This CWTe colloquium will host two speakers presenting photonic integrated receivers for optical wireless communication and neuromorphic radar signal processing.

Here are the presenters and presentations:

  •  Mikołaj Wolny (TU/e, Electro-Optical Communication) — Photonic Integrated Receivers for Optical Wireless Communication
  •  S. Chiavazza (TU/e, Electronic Systems) — Sparse Spectral Estimation of Streaming Radar Signals with Adaptive-Frequency Resonate-and-Fire Neurons

Abstracts & Bios

Mikołaj Wolny(Postdoc, Electro-Optical Communication group, TU/e)
Title: Photonic Integrated Receivers for Optical Wireless Communication

Abstract: Optical wireless communication (OWC) offers many benefits over existing wireless technologies that rely on radio frequencies, making it a promising candidate for future wireless networks.
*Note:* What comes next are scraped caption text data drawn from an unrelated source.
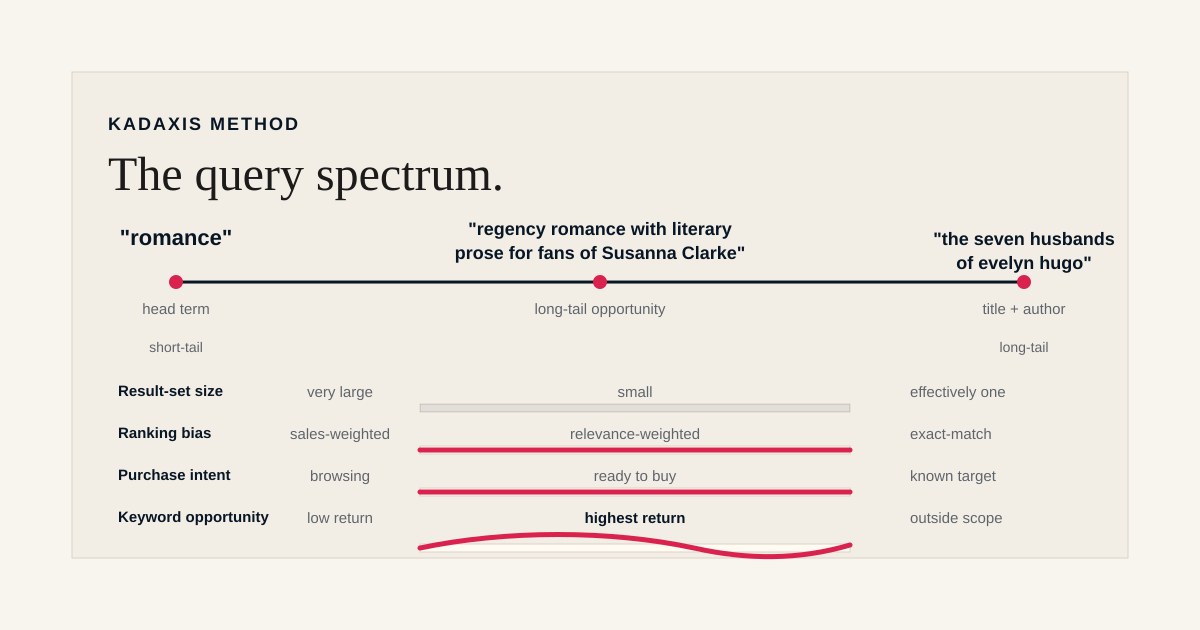 Horizontal query spectrum showing short-tail, long-tail, and title-author searches with shifts in result-set size, ranking bias, purchase intent, and keyword opportunity.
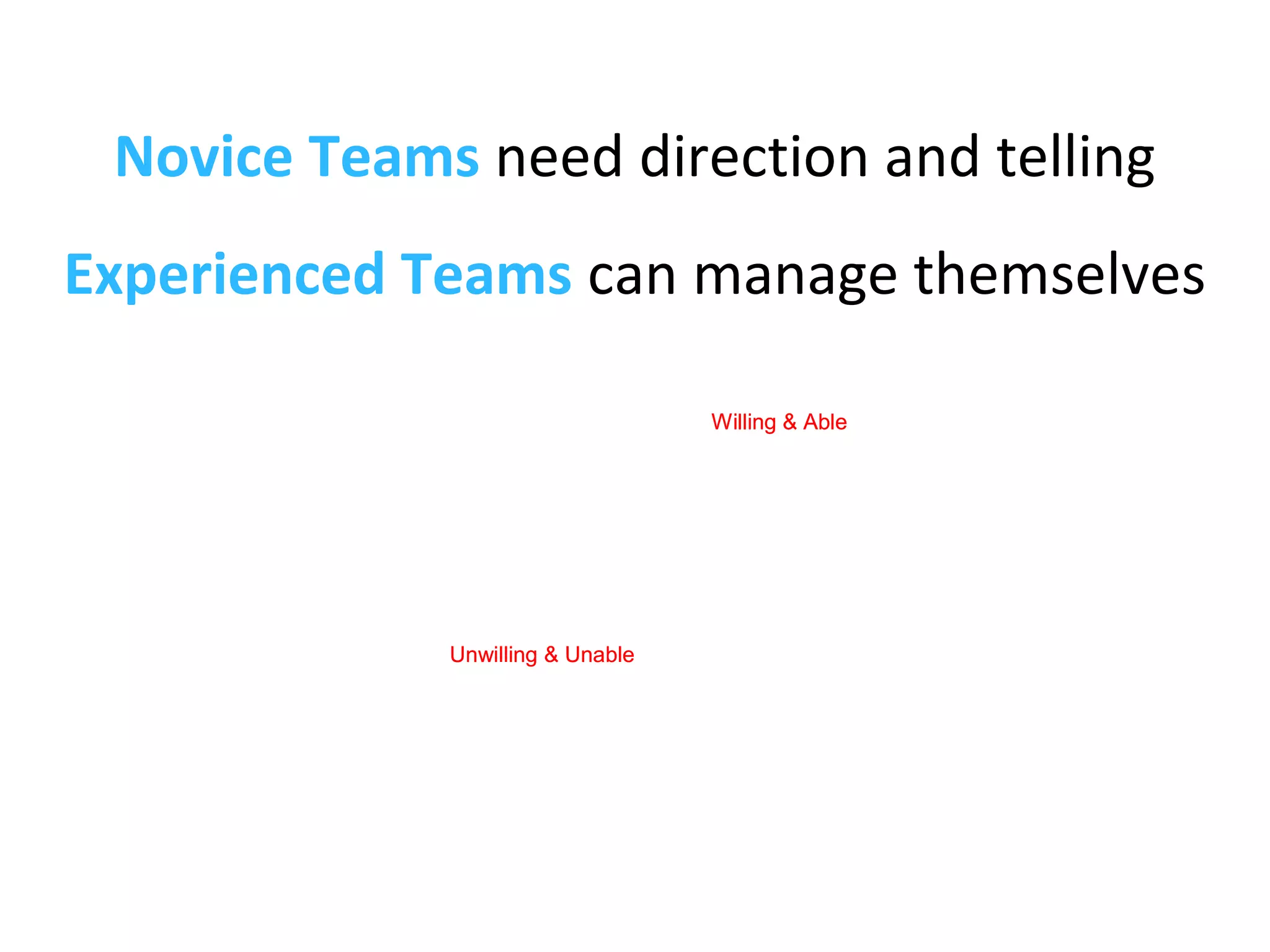 Unwilling & Unable
Willing & Able
Unwilling & Unable
Willing & Able
Novice Teams need direction and telling
Experienced Teams can manage themselves
 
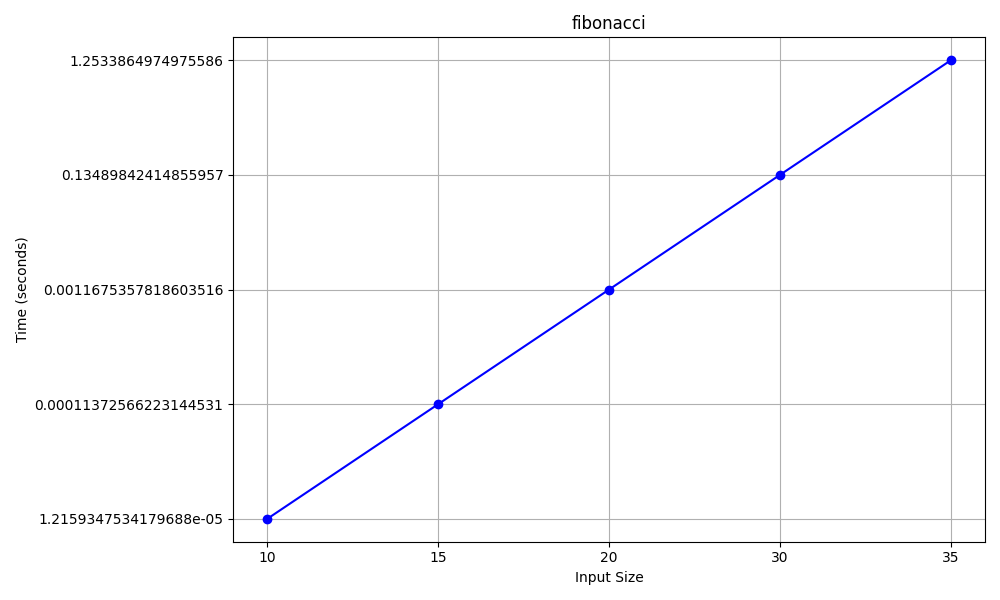 Python3 Fibonacci Benchmark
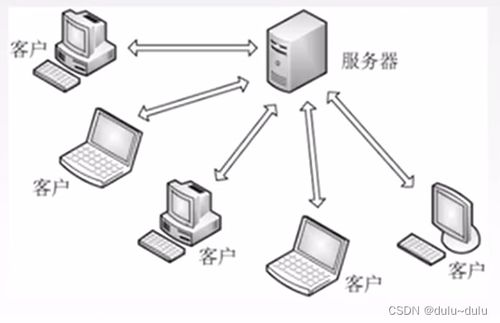 計算機網(wǎng)絡第七層 應用層——用戶與網(wǎng)絡的橋梁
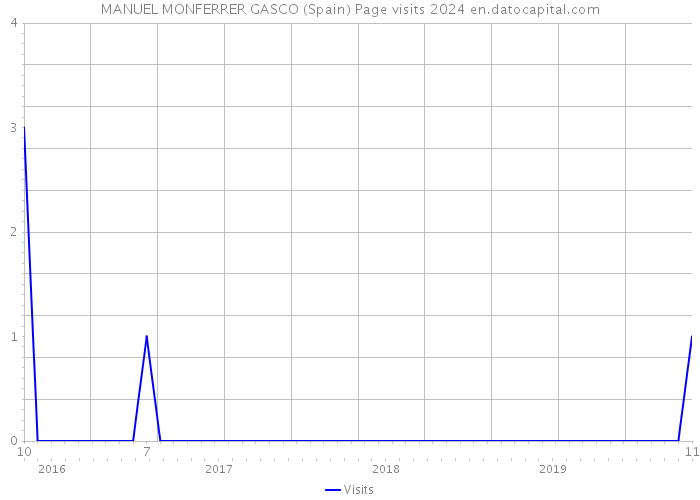 MANUEL MONFERRER GASCO (Spain) Page visits 2024 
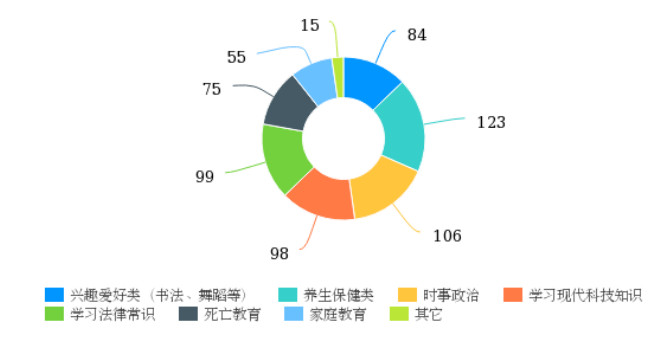 基于积极老龄化视角的社区老年教育现状及对策研究——以中山市Z社区为例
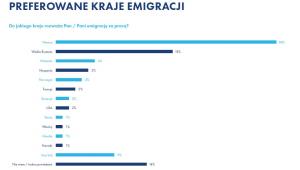 Preferowane kraje migracji. Źródło: Raport Work Service „Migracje zarobkowe Polaków”.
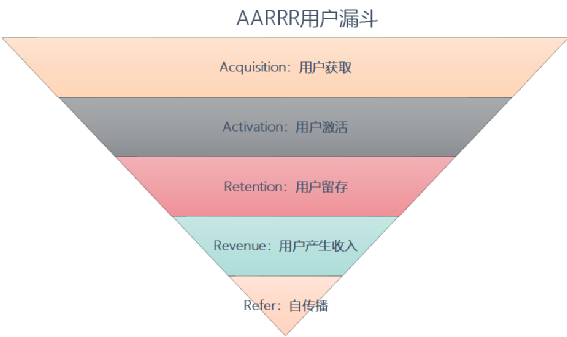 数据预测方法有哪些（最实用的几种数据预测方法）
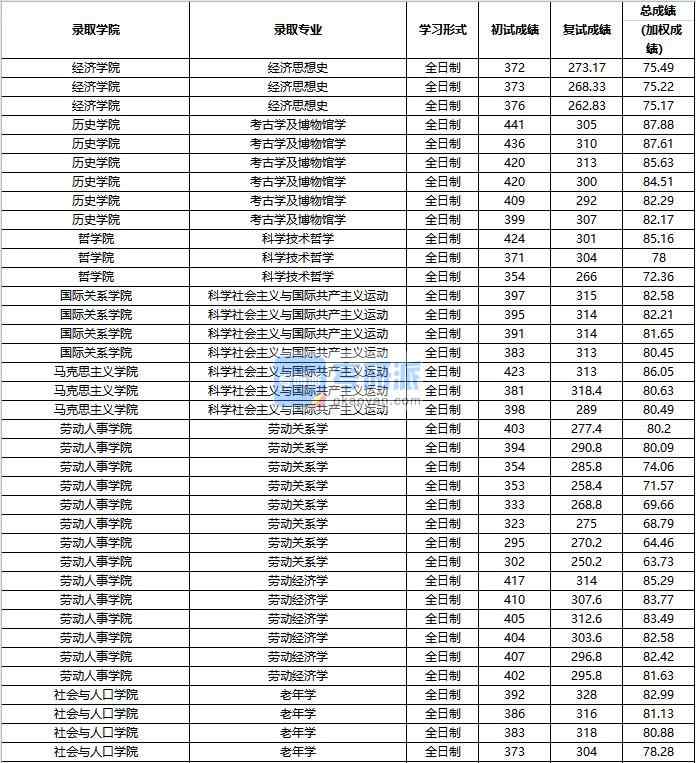 2020年中國人民大學(xué)科學(xué)技術(shù)哲學(xué)研究生錄取分數(shù)線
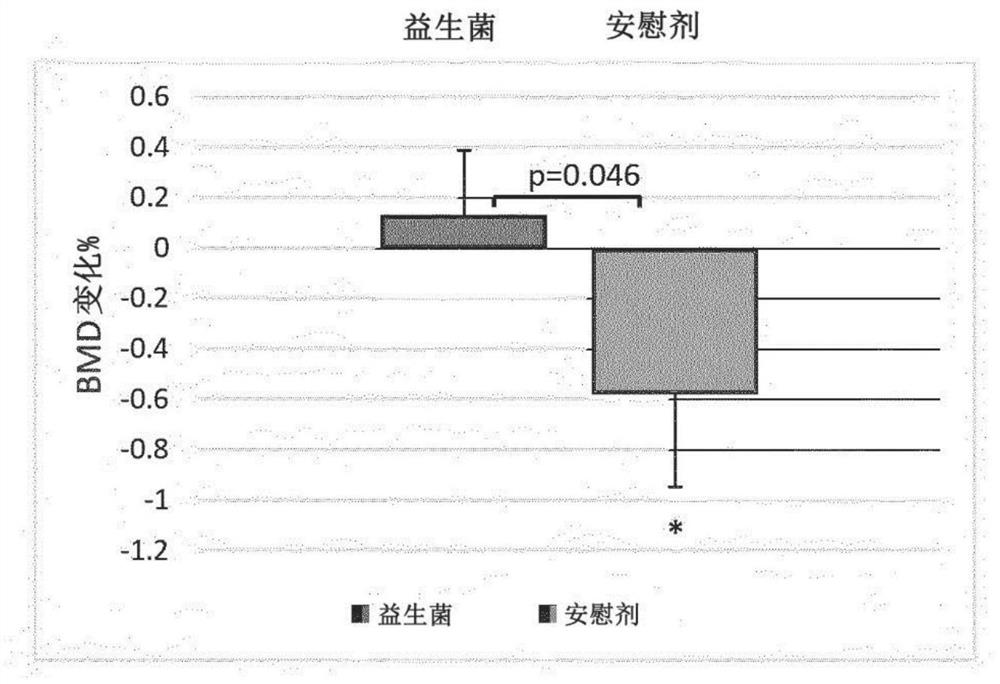 Probiotic compositions and uses thereof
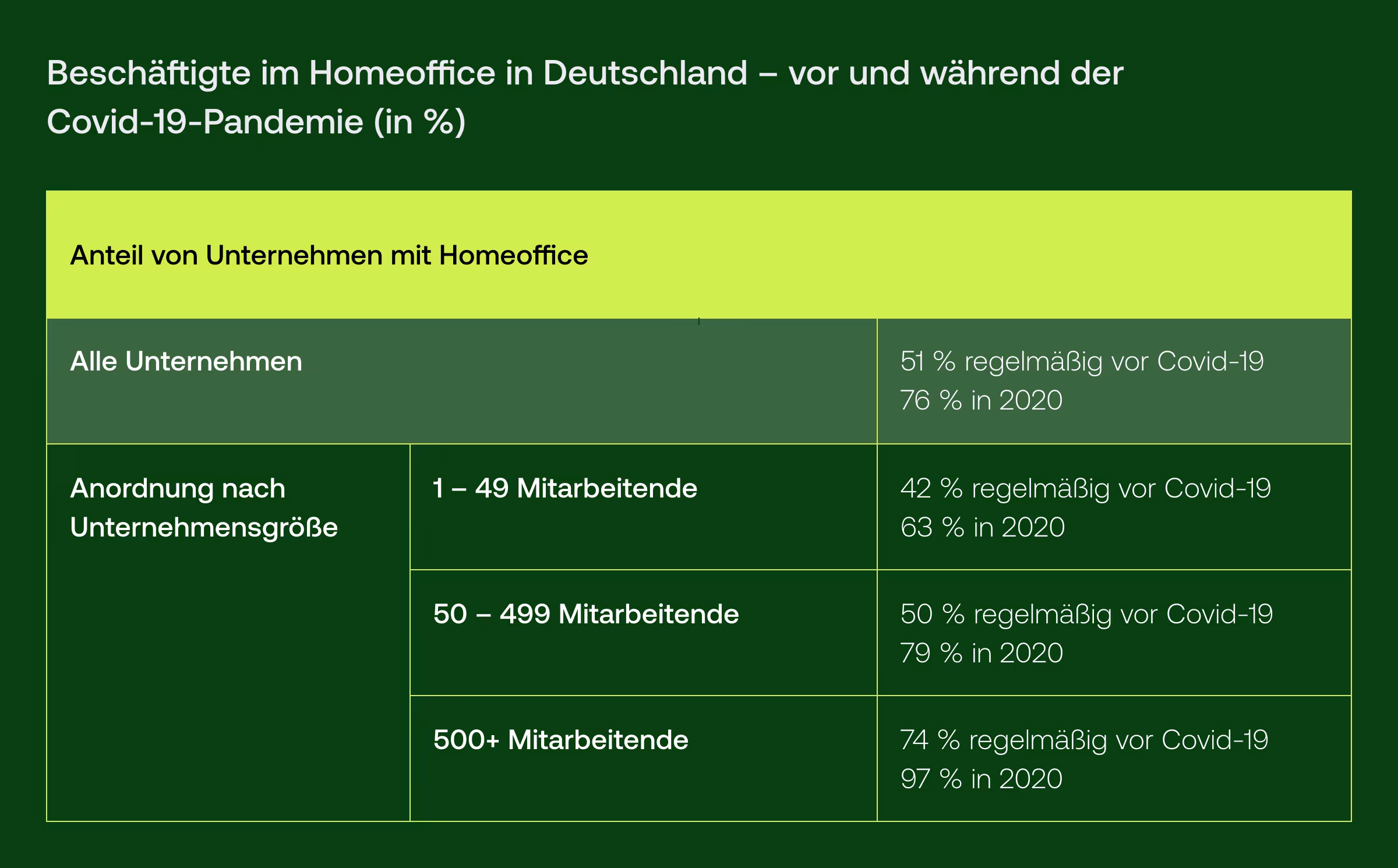 Remote-Teams - Anteil von Unternehmen mit Homeoffice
When using narrow optical beams, OWC brings a number of advantages, including a very wide unlicensed spectrum, huge bandwidth, low latency, high security, high privacy, and high energy efficiency. Photonic integrated circuits (PIC) have great potential in OWC because they offer the possibility to separate light collection and light detection. In this way, both can be optimized separately.

Bio: Mikołaj Wolny is a postdoc in the Electro-Optical Communication group at the TU/e. His research primarily focuses on the photonic chips for free space optical telecommunications.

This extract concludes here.